Presque deux mois que tu es parti et j’ai l’impression que c’était hier. Je me sens si seule dans ce chagrin. Je suis en colère. Contre ton grand-père qui a parlé de toi au conditionnel, comme si tu n’avais pas vraiment existé. “Tu aurais été mon premier petit fils“. Et puis la sœur de papa qui tombe enceinte et qui attend un petit garçon, n’est-ce pas la chose la plus horrible que j’ai pu affronter finalement ? Voir un autre ventre pousser, savoir qu’un petit garçon y vit tranquillement alors que toi tu es tout seul, dans le froid, sans vie. J’aimerais que mon beau père te reconnaisse, qu’il te donne une place dans cette famille, pour que je sois sûre que tu es et resteras le premier garçon de cette fratrie. Que ce petit garçon sera bien le deuxième. Je te promets qu’on ne t’oubliera pas, que je ferai tout pour honorer ton nom et ta trop courte non existence.

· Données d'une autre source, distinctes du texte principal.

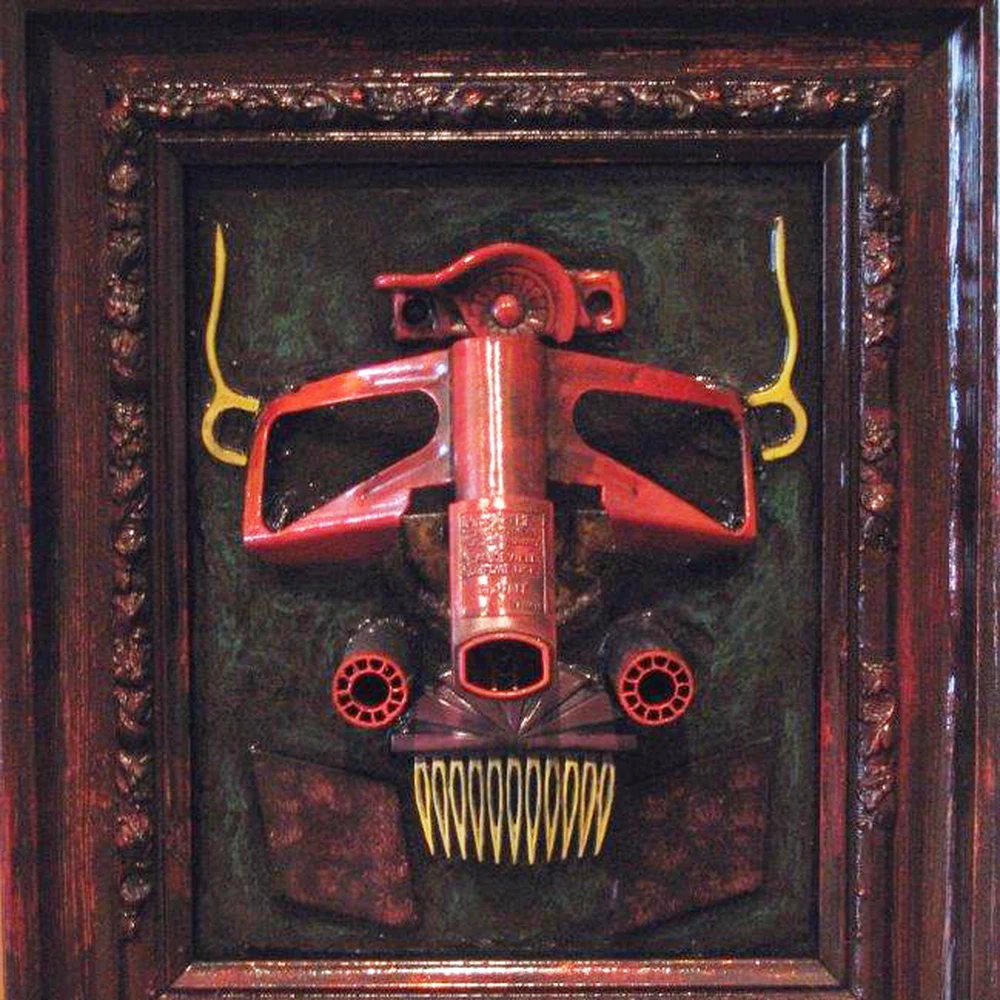 Framed assemblage by Jeff Casto, Wasteland Warrior: a red mask-like face built from found objects — a tall central column flanked by curved side pieces, round red-rimmed eyes and a grinning row of yellow teeth — set on a dark textured ground inside a carved dark wood frame.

Je suis en colère que ma famille ne comprenne rien. L’autre jour je leur ai envoyé tes lettres, celles que je t’ai écrites avec chagrin et amour, avant et après le 25 septembre. Je n’ai jamais su leur parler, alors je m’étais dit que ce serait une bonne chose de partager mon chagrin par le biais de mes mots. Erreur. Aucune réponse à ma douleur. Ils sont là à afficher leur chagrin, leurs yeux rougis, leur deuil à la con. Mais ils sont incapables de me soutenir, de me prouver leur présence et leur compréhension.

Des semaines que tu reposes là-bas, ils n’ont toujours pas daigné se rendre te dire bonjour. Je suis tellement en colère contre le monde qui continue de tourner alors que je suis là à te pleurer à bout de bras, le ventre vide et les mains si légères.

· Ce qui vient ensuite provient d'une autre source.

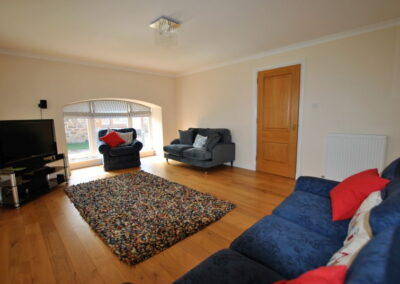 Large lounge with wooden floor, furniture around the room, TV unit and rug in the middle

Je pense à toi sans cesse, à ta peau si froide et fripée, à ta petitesse, à la légèreté, à ton air paisible et endormi. Je t’aime tellement. J’aimerais tellement te sentir dans mes bras, ressentir ces 900 grammes. T’embrasser, te regarder, te câliner. Dormir à tes côtés, toi contre mon flanc.

On parle de faire un autre enfant, je veux que tu saches que je ne cherche en rien à te remplacer. J’ai trop besoin de vie. Tu es mon premier enfant, l’amour de ma vie. Je te porte dans mon cœur et dans mon sang pour l’éternité, sache-le. Je ne te remplace pas. Je penserai à toi, tout le temps. Envoie des bonnes ondes de là où tu es, aide-moi à accueillir un petit frère ou une petite sœur dans mon ventre vide, fais-y une petite place, mais restes y surtout. C’est ta première et dernière demeure, tu y es roi. La vie est injuste non ? Qu’ai-je fait pour mériter pareil chagrin ? C’est si vif et intense, si douloureux. J’apprends à vivre avec, mais dès que je laisse cette peine de côté durant quelques instants, que je ris à nouveau et que j’arrive à me dire que la vie peut être belle, le chagrin me revient en force et me frappe encore plus. Je culpabilise parfois de ne pas te pleurer. Heureusement la douleur revient souvent, démultipliée, et je me sens à nouveau toute à toi.

Ta petite plaque est enfin mise, j’ai hâte d’aller te voir. Je t’aime, mon tout petit. Repose-toi, au chaud.